EXCERPTED DATA ▸
◆ ◆ ◆
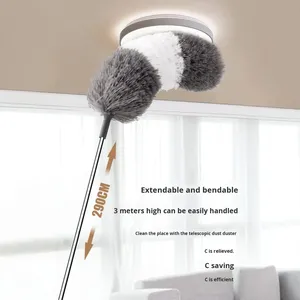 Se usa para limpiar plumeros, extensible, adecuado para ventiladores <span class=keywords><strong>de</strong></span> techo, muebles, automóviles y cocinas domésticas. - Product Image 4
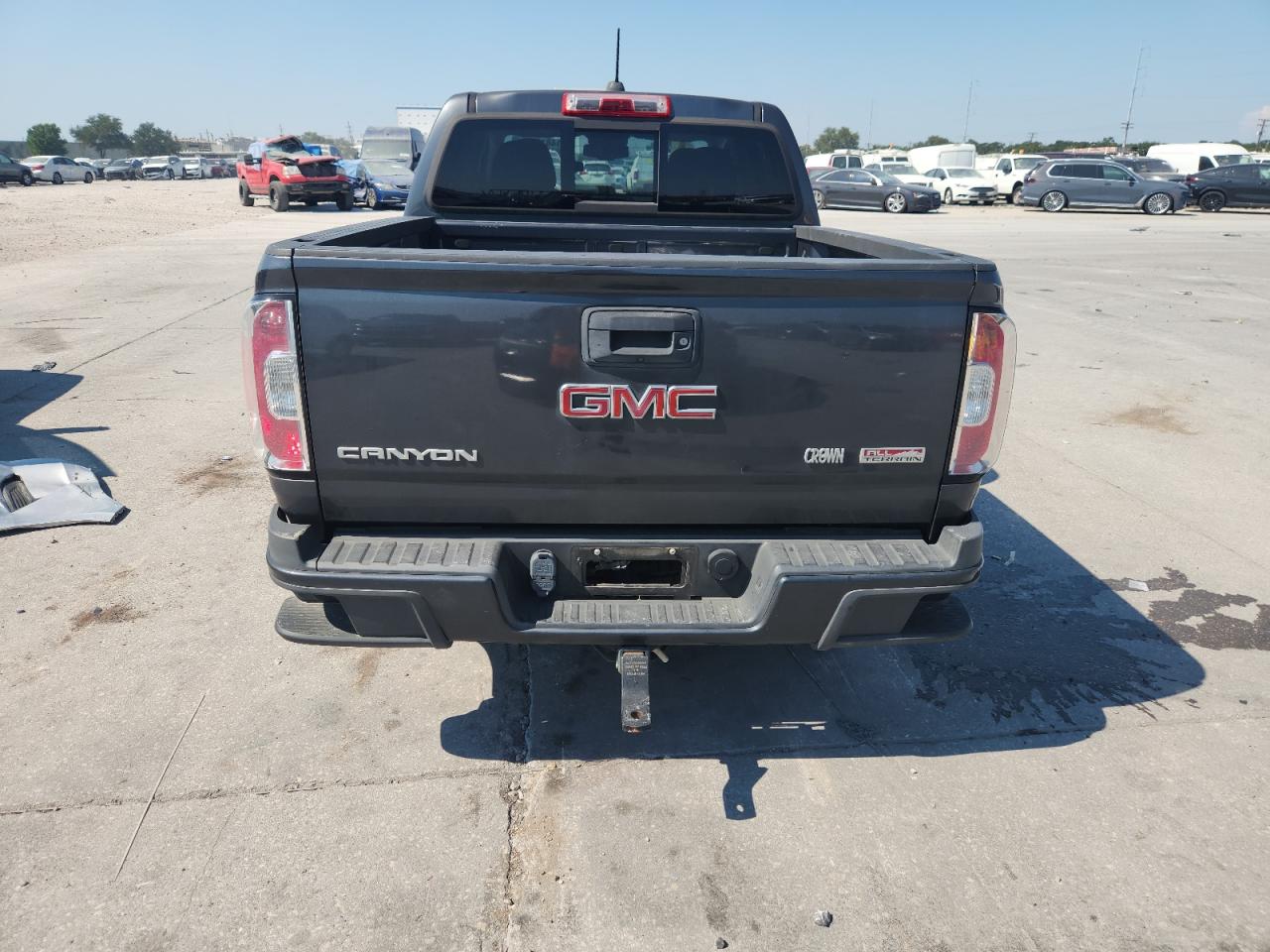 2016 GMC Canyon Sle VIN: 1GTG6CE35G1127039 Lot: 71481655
◆ ◆ ◆
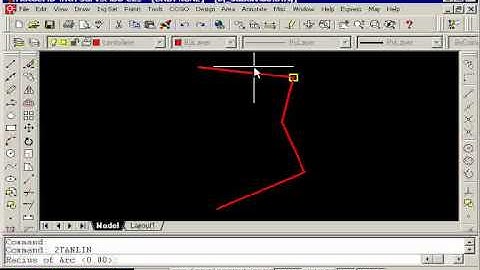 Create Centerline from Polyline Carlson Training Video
◆ ◆ ◆
PROBLEM TO SOLVE ▸ In the listing above, find the line containing "Se usa para" and the line containing "2016 GMC Canyon", then write out both of them and every line between, exactly, with no pictures.

EXERCISE RESPONSE ▸
 Se usa para limpiar plumeros, extensible, adecuado para ventiladores <span class=keywords><strong>de</strong></span> techo, muebles, automóviles y cocinas domésticas. - Product Image 4
 2016 GMC Canyon Sle VIN: 1GTG6CE35G1127039 Lot: 71481655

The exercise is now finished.